Where as VLP-16 (which I believe based on which these were modeled) would only have 1200 horizontal points per ring at 15Hz http://www.mapix.com/wp-content/uploads/2018/07/63-9229_Rev-H_Puck-_Datasheet_Web-1.pdf

Probably this is not the actual bottleneck but I guess still needs correction.

May be the culprit is camera sensor? I guess I see a difference between COSTAR_HUSKY and EXPLORER_X1 (Single RGBD vs 4x RGBD) is it CPU based rendering? Could it be made to use GPU?

[zwn]

According to my tests, the simulation does not use more than 4 CPU cores. As for GPU, most of the usage is in the gui - I do all local runs headless - if I don't, the GUI takes all available GPU memory (8GB in my case) and nothing else works on the computer running the simulation.

Not knowing anything about the actual implementation, I am also surprised by the drop in performance when simulating multiple robots. From my (possibly naive) point of view (considering current games) the resolution of the cameras are small and the requirements on the quality are not that big either. We are using mostly 640x480 cameras which is 0.3MP. It seems 1920x1080 (2.1MP) is the minimum current games use and the FPS starts at 60Hz - so pixel-wise the ratio is 6.75x and fps-wise 3x (at minimum). Given this comparison it should be possible to get about 20 cameras at 480p resolution at 20Hz real time while in reality we get only about maybe 3% of that.

So yes, I'd also like to know where the bottleneck is. It is really difficult to get anything done at 3% of real time.

[peci1]

GUI takes all available GPU memory (8GB in my case) and nothing else works on the computer running the simulation.

How many robots are you talking about? I get like 800 MB GPU memory for the GUI with a single robot, and it seems to scale more or less linearly with more robots.

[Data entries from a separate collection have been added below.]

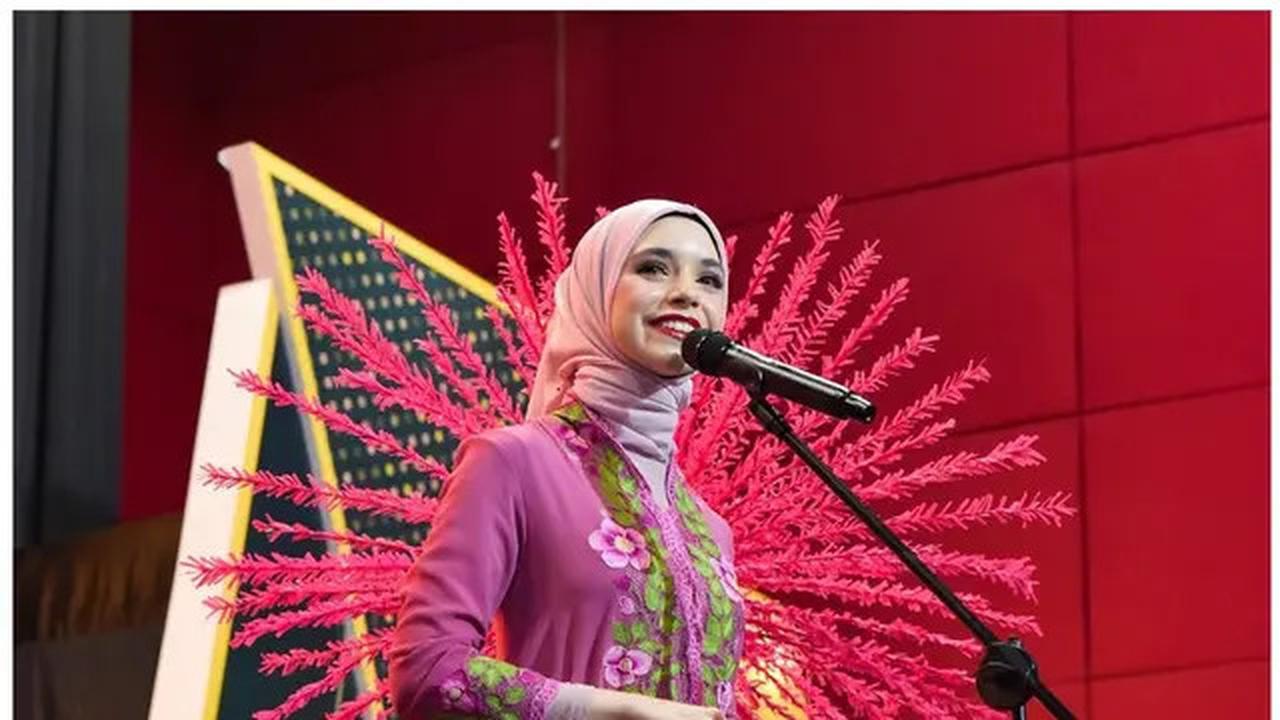 7 Potret Isabel Azhari, Putri Ayu Azhari Raih Gelar None Jakarta Selatan 2025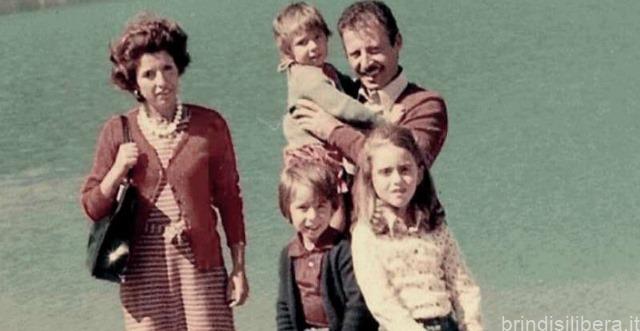 BRINDISI.«LA STANZA DI AGNESE», LA STORIA DI PAOLO BORSELLINO UOMO E GIUDICE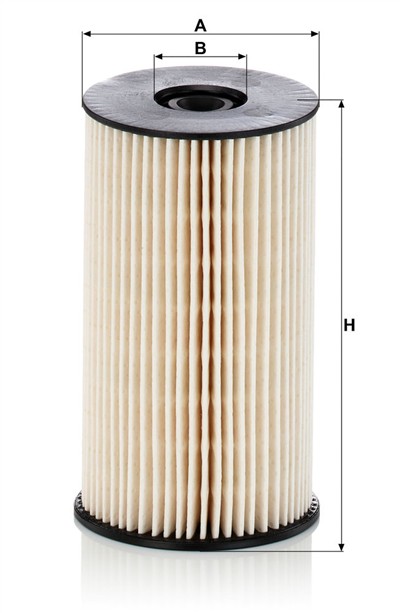 MANN-FILTER PU 825 x EAN: 4011558682606.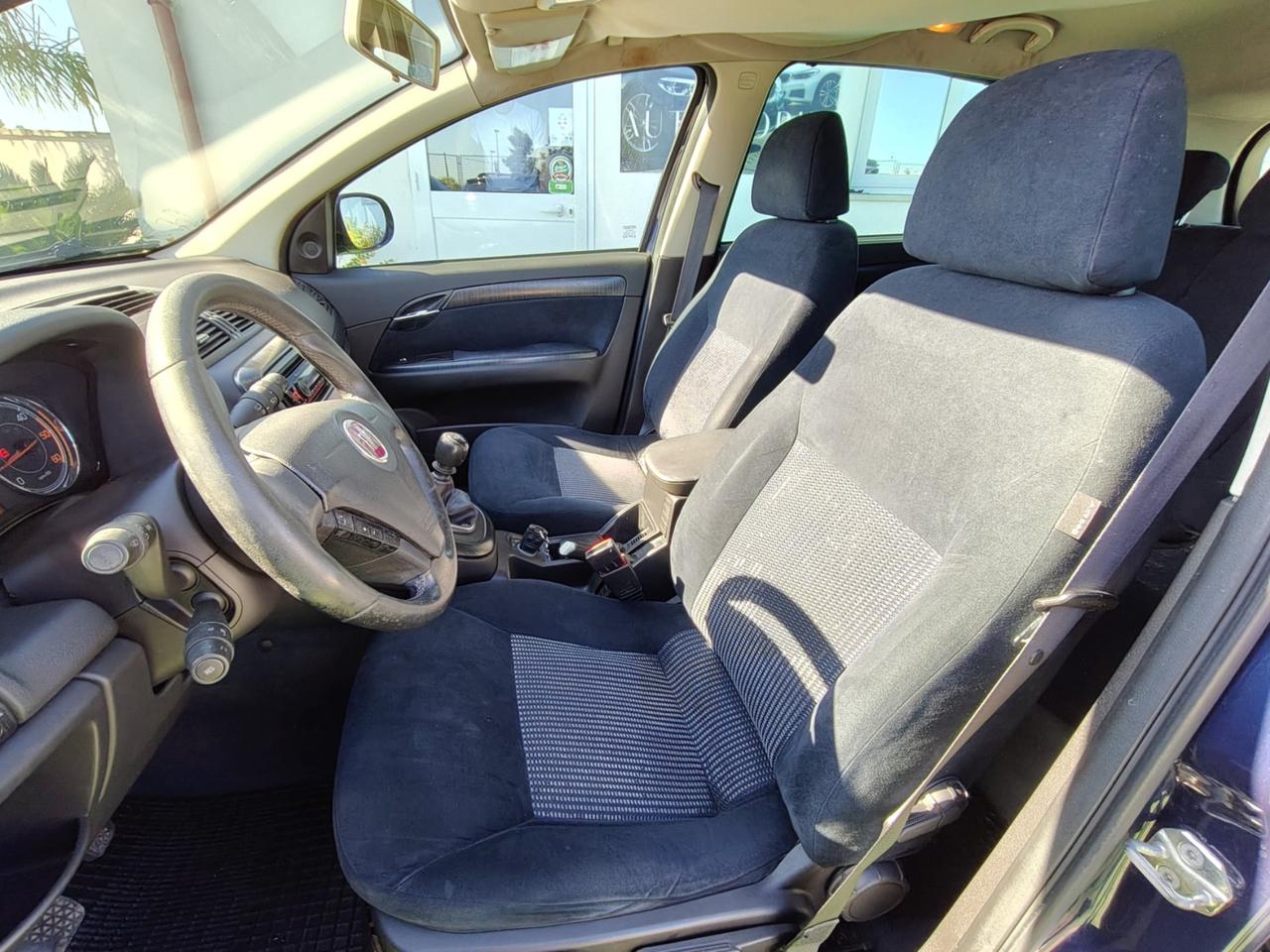 Fiat Croma 1.9 Multijet Emotion - 2008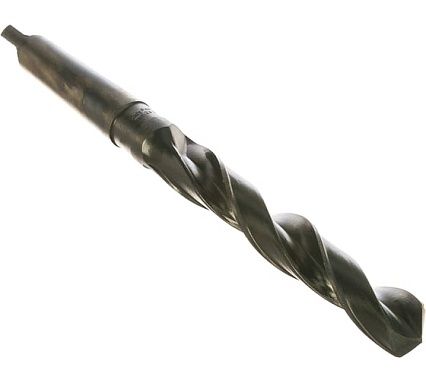 Сверло по металлу (23.75х281х160 мм; КМ3; Р6М5) Туламаш 59158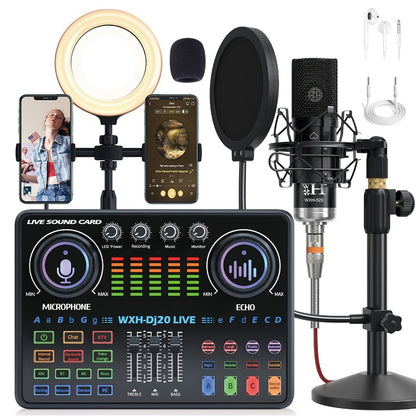 USB Audio Interface shown in the main product view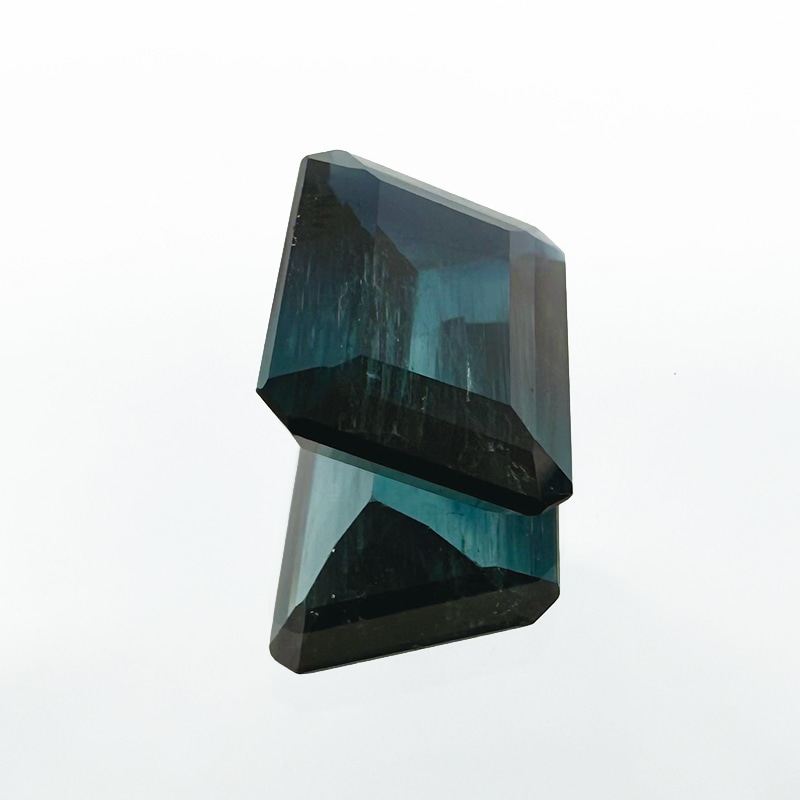 10009068:バイカラートルマリン EM 12.5×8.8mm 3.88ct | | JEWELRY 10009068:バイカラートルマリン EM 12.5×8.8mm 3.88ct | | JEWELRY
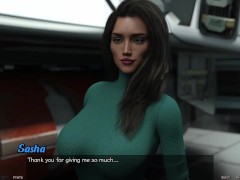 STRANDED IN SPACE #55 • Visual Novel PC Gameplay [HD]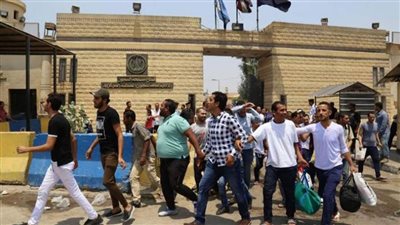 الإفراج عن 671 من نزلاء السجون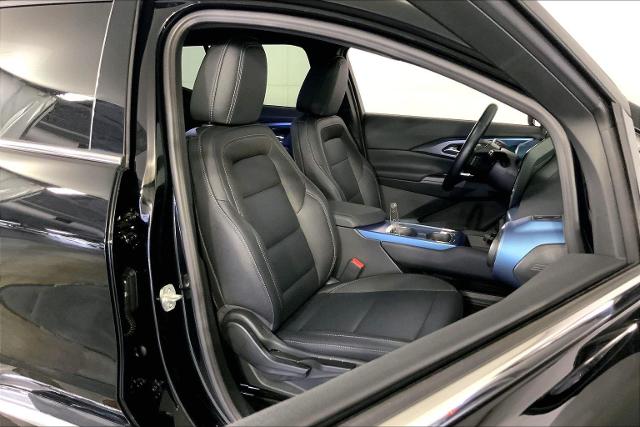 2025 Chevrolet Equinox EV Vehicle Photo in KANSAS CITY, MO 64114-4502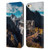 Patrik Lovrin Wanderlust In Awe Of The Mountains Leather Book Wallet Case Cover For Apple iPhone 6 / iPhone 6s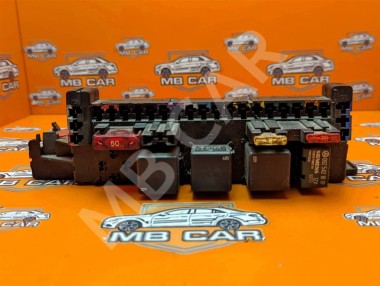 Блок SAM задний MERCEDES-BENZ S-класс W220 (1998 - 2005) — Разборка Мерседес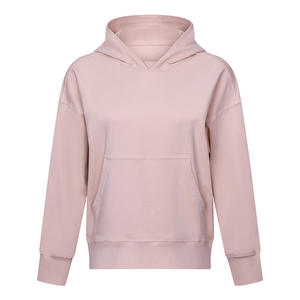 <b>Women</b> Thick <b>Thermal</b> Fleece Comfort Cotton Quick Dry Running Training Hoodie <b>women's</b> hoodies - Product Image 3
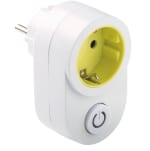 Base de enchufe Famatel con interruptor 4,50€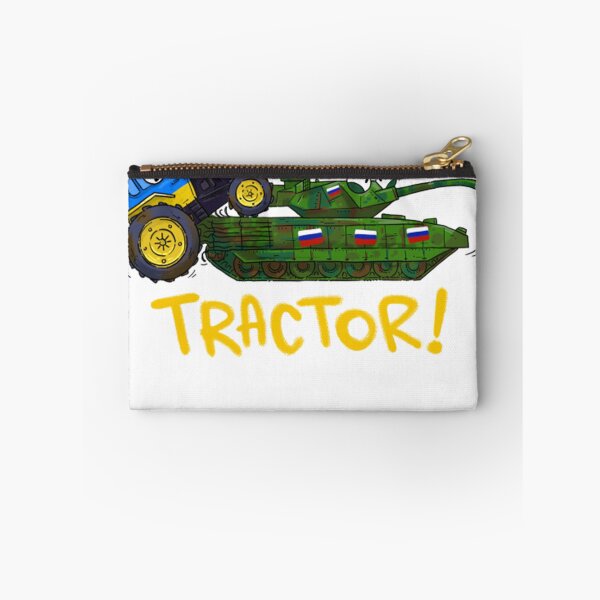 Item preview, Ukrainian Tractor Don't Mess With Tractor designed and sold by GarryManie.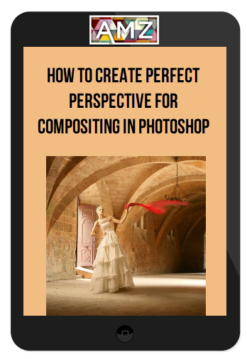 How to Create Perfect Perspective for Compositing in Photoshop
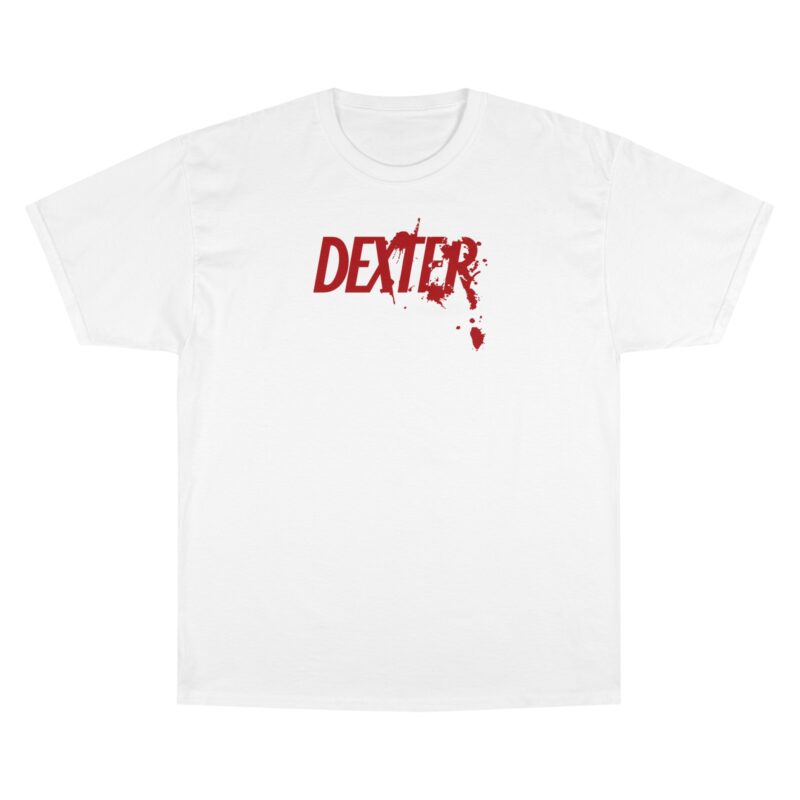 Dexter Champion T-Shirt - Image 5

We've actually found out that the Absolem robot is quite a greedy-guts regarding cameras - the main 6-lens omnicamera sums up to something like 4K... So I wouldn't wonder it takes some time to simulate that, but I wonder why the GPU isn't fully used. Or maybe it's just because of the way nvidia-smi computes GPU usage? I know there are many different computation/rendering pipelines in the GPU...

[zwn]

I have re-run the test. Currently when running headless simulation with as single X2 robot there is one ruby process taking about 2GB of memory and the GPU utilization stays around 5%. When running the same setup with the gui, there are two ruby processes each taking 2GB but the GPU utilization jumps to 100% and even the mouse movement is slowed down (even when the window is not visible). So in my book the gui is still broken for me and I'll continue running headless.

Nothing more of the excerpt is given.